The material below holds pictures; leave them out and reproduce exactly the lines from the one with "21 Huse St, Bath, ME 04530 - Photo 2" through the one with "Yankee Candle A", inclusive.

__Provided data__.
################

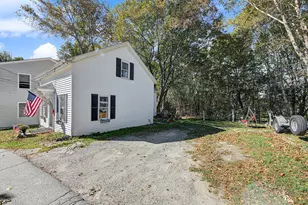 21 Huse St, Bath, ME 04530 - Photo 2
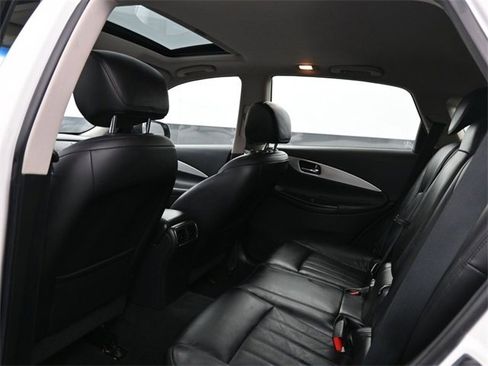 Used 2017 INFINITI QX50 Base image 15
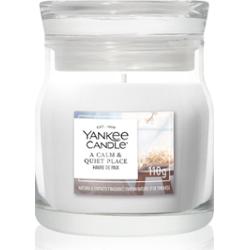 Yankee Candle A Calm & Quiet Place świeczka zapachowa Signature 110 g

################

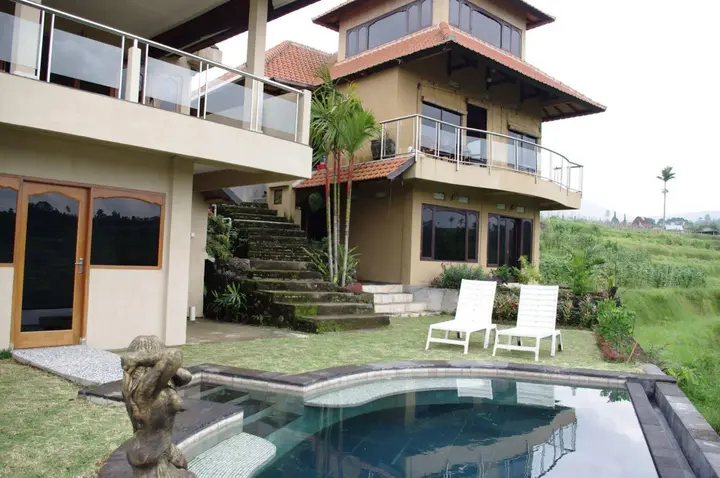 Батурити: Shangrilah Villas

################

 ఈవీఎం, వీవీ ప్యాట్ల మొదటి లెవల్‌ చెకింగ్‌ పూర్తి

################

__Response__.
 21 Huse St, Bath, ME 04530 - Photo 2
 Used 2017 INFINITI QX50 Base image 15
 Yankee Candle A Calm & Quiet Place świeczka zapachowa Signature 110 g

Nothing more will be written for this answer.